Berlin, Germany - Physicists are on the verge of more breakthrough discoveries about the Dead Sea Scrolls, a stock of 2,000-year-old religious documents found in the West Bank desert, a Berlin science institute says.
From 1947 to 1956, an estimated 900 distinct documents were recovered by Bedouins and archaeologists from 11 caves near Qumran, a ruined settlement at the north-west corner of the Dead Sea.
The documents contain several books of the Bible, making them of vital interest to Jews, Christians and Muslims. All three religions are rooted in ancient Jewish doctrines. Unproved conspiracy theories have swirled round the scrolls for 60 years.
Some of the parchment scrolls were found intact, but many of the 17,000 torn fragments have been difficult to piece together.
To date, scholars have used a jig-saw-puzzle method, trying to match adjacent pieces by the words and style of script.
This week, Berlin scientists are to brief scholars on 21st century methods of sorting the fragments, which contain Hebrew, Greek and Aramaic writing and are kept at the Israel Museum in Jerusalem.
The new methods, which include shining X-rays through the parchment and papyrus, are guaranteed not to damage them.
Re-analysis would not only help to resolve some fierce academic and religious disputes that have been based on differing readings of the texts, but also help reconstruct several more documents which had seemed lost for ever in the muddle of fragments.
The new methods were evolved by BAM, Germany's material-science laboratory in Berlin.
"We'll be able to say if any two fragments have identical material properties," explained BAM spokeswoman Ulrike Rockland. "If they do, they come from the same piece. No one could say that with certainty before."
The Dead Sea Scrolls were one of the greatest archaeological discoveries of the 20th century.
A Bedouin shepherd, Muhammad edh-Dhib, discovered the first scrolls by chance in 1947. At the time the site was in Jordan.
A history published in 2009 says that to prevent pillaging in the caves before a scientific excavation could be financed and begun, Jordan's curator of antiquities, Gerald Lankester Harding, paid the Bedouin from 1950 to collect and hand in fragments.
To ensure no one ripped them, his agent paid by the square centimetre, with bonuses for especially large pieces.
But many of the scrolls had already crumbled to bits, despite the ideal dryness and darkness during the centuries they were hidden.

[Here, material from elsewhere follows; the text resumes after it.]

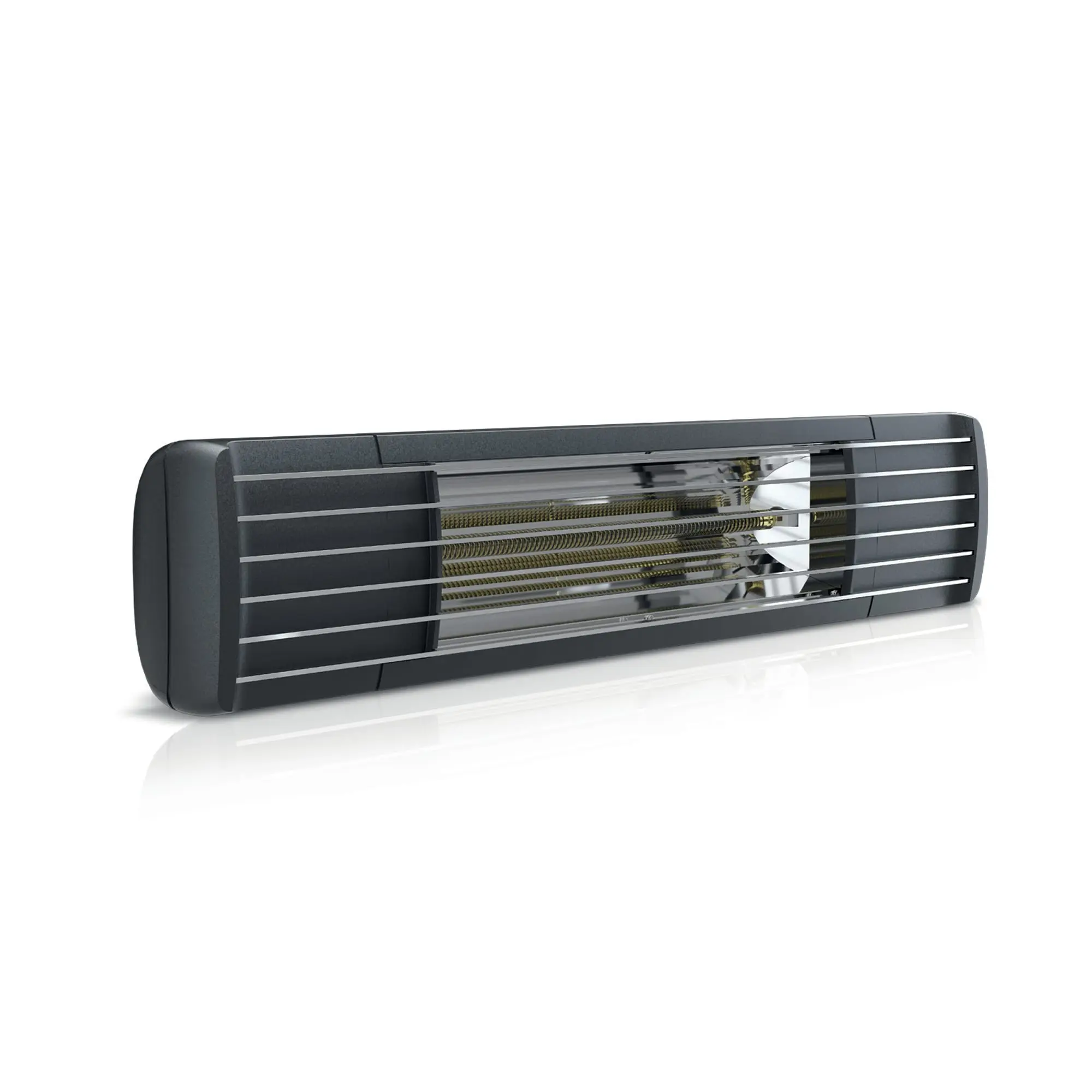 Produktfoto 1 von ETHERMA EXO COMFORT Infrarotstrahler, 1.4kW, weiß,IP65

By the time they arrived in Jerusalem, it was often uncertain which cave each fragment had been found in. Even today it remains unproved that the caves even belonged to the people who lived at Qumran 2,000 years ago.
Most of the writing, dating from between the 3rd century BC and 68 AD, is on the cured skin of sheep and goats.
Last month the Israel Museum and Google announced plans to digitize the main scrolls and publish the images online for free within five years with a searchable database and translations.
The Scrolls have been a focus of public fascination for years, with sensationalist books claiming they debunk Christianity.
During the 1980s there was worldwide controversy over allegations that Israel was keeping the mass of tiny fragments "secret." Scholars broke embargoes and published images of the fragments in 1991.
Rockland said the Berlin laboratory worked on a variety of the goatskin fragments to develop procedures to catalogue them.
These include examination with light, electron and environmental scanning electron microscopes and advanced technologies known as X-ray fluorescence spectroscopy and Raman spectroscopy.
The experts devised standard ways to trace how each piece of parchment was made and how it aged.
"Goatskin is an organic material. If two fragments have the same X-ray, Raman and infrared signature, they must belong together," said Rockland.
The procedures can also identify different batches of handmade ink. The scientists manufactured their own iron-gall ink using ancient recipes to test what happens as it dries and eats its way into the parchment.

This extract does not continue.